A new exhibit, “LA Woman: Yesterday, Today, Tomorrow” opened at the Forest Lawn Museum earlier this month changes the balance totally. This unique exhibit represents 24 female artists who have made a tremendous appearance on the L.A. art horizon.
The United States is a country where women’s history is especially complex. In many corners of the world there are no differentiation between men and women in art last centuries but not in the U.S. The triumph of the women who are shaping public taste and opinion was not reached so easily in the U.S. A long fight for women’s rights finally gave women access to a special niche in art. In 1970 New York became the home of the Women’s Inter-art Center, and during same year Fresno State University opened its first feminist art class.
With the feminist movement, women’s art achieved new meaning. Early in her career, Judy Chicago, one of the exhibitors called herself an “art feminist” – trying her hand at “macho arts” normally associated with men such as boat painting, auto-body work and pyrotechnics, declaring that there is no difference between men and women.
“Ah , well , do I wish that we lived in a world where gender didn’t figure so prominently?”, she said once. “Of course. Do I even think about myself as a woman when I go to make art? Of course not.”
At the same time “LA Woman: Yesterday, Today, Tomorrow” shows a very specific world of art – women’s art, with a very strong and intense feminine approach.
Gayle Garner Roski is one of six USC alumni and faculty, represented at the exhibition, showcasing her series dedicated to 9/11. She describes her feeling like “feet not contacting the ground” which is reflected in her pieces, “My Surprising Birthday party,” “My bedroom,” “My Birthday,” and “Shock.”
June Wayne is another Chicago artist who moved to L.A. Her oil painting, “The Dreamers,” plays a tricky visual game with viewers..
“This is the painting when I discovered my glasses were a wrong prescription, she said. “I had to back off of it to find out if it was working but the painting looked fuzzy. An eye doctor prescribed new glasses…saved the painting.”
Alice Estes Davis treats visitors with very cozy and tiny pieces:
“Christ and Angels Rejoice,” ”Medieval Musicians”, and “A Peaceful Christmas to All.”
Her pieces are presented in a technique of Linoleum Block and Wood Block.
Betty Saar, known for her assemblages, is represented by very surprising collages, ”Unseen boundaries” and two other works she calls Autographs.

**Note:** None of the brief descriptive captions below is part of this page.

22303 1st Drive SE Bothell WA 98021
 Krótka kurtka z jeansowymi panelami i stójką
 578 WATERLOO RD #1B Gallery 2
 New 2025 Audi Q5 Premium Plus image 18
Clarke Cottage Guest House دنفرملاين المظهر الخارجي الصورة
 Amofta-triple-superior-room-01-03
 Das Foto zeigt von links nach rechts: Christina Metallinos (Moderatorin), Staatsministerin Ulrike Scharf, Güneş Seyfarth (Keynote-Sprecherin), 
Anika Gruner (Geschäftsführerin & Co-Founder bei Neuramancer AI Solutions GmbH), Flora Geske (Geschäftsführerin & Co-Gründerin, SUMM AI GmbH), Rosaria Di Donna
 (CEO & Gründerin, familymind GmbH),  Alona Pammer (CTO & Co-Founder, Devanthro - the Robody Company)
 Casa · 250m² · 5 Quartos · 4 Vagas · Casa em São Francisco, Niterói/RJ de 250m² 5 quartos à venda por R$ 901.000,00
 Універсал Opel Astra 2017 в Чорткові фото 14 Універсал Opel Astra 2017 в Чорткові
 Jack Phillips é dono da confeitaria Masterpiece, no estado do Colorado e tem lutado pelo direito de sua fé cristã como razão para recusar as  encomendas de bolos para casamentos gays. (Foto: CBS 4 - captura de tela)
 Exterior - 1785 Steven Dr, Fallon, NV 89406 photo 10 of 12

Marisa Mandler, the youngest artist of the show, touches viewers with a sublime sense of fragility of subject and elusiveness of time. Her works are surprising in technique; Bleach compounds on paper, gold thread, gold pins and dimensions variable give a real feeling of infinity to her art.
While visiting the show Andrew Hwang, 52, a pastor walking between colorful piles of clothes, bright paintings, collages said, “Interesting, but strange images”.
The exhibition may appear a bit weird, even disturbing, but it is surprisingly unusual and deserves to be seen. The show runs Tuesday – Sunday from 10:00 a.m. to 5:00 p.m. until Jan. 5, 2014. Admission and parking are free.